Thoughts From A Rambling Mind

There are times when I feel like I can’t lose, and then there are times when I feel like I can’t win. It depends. I’m still not sure on what it depends, but it depends. I don’t know if it’s the difficulty of my opponents, the variability of the game, the position of the planets, or the mental and physical state I’m in.

What I do know is that when I’m in the middle of a losing streak, it’s very easy for me to adopt a losing attitude. My ability to maintain a positive and winning mindset in times of extreme pain and struggle is extremely limited. It’s not fun anymore. I want to yell like a little shit and punch holes in walls. I want a release. I want to give up. I feel a sudden urge for back to back cigarettes and two Heady Toppers.
Poker players refer to this as tilt. Emotion comes into play and decisions are based more on visceral discomfort than on sound logic. If I feel like shit, my results are shit.

As I’ve failed and failed throughout my life, one of the greatest gifts I’ve been given, one thing I’ve continued to do is play. The great thing about the human experience is we get to experience the same failures over and over again. Even if we aren’t the best or the fastest learners around (I’m neither, not pro material), we eventually catch on. We eventually improve.

Whenever I feel like I’m getting good at something, I’ve found it extremely helpful to acknowledge that I will eventually regress to the mean. I try not to dwell on it because negative thoughts seem to attract negative results and it’s best to ride the waves while they’re good, but understanding less desirable results may be around the corner helps me when those times come. By anticipating the pain, I’m more mentally prepared to withstand it and recover.

Another thing I’ve noticed is my brain seems to like to give me credit for everything good that happens to me. Whether it’s winning a game, having a good day at work, or having a positive interaction with a valued friend, my brain attributes that success to me. My lazy brain likes to say, “Yes, Evan, you’re brilliant and awesome. It’s all because of you, and everyone should know.”
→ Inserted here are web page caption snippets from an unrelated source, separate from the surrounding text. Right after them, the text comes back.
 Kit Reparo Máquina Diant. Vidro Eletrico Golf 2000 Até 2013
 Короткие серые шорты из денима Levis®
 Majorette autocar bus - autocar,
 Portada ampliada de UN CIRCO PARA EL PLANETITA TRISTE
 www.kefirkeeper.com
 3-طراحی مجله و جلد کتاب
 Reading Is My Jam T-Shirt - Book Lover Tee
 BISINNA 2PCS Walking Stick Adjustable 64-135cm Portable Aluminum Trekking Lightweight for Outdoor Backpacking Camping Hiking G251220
In reality, its persistence and effort that have led me to the successes I’ve been so blessed to have. I’ve never been the most talented, I’ve never been the smartest, but I do have a pretty good work ethic. I do have the toughness to bounce back from painful experiences. Whenever my brain says, “Oh, you’re a friggen genius, bud”, it’s time to reset my attitude, to stay humble, and to remember that it’s my hard work that has gotten me to where I am.

Remember that when you’re on top of the world, you start driving blind. Confidence is amazingly powerful, but on the flipside, it can be dangerously debilitating. You start neglecting negative indicators, and you rationalize threats with hubris.

So my thoughts from this rant are this: Stay humble when you’re winning. When the odds are in your favor or you see something that others don’t, bet the farm. And finally, don’t be tricked by your own mind. It’s dumber than you think.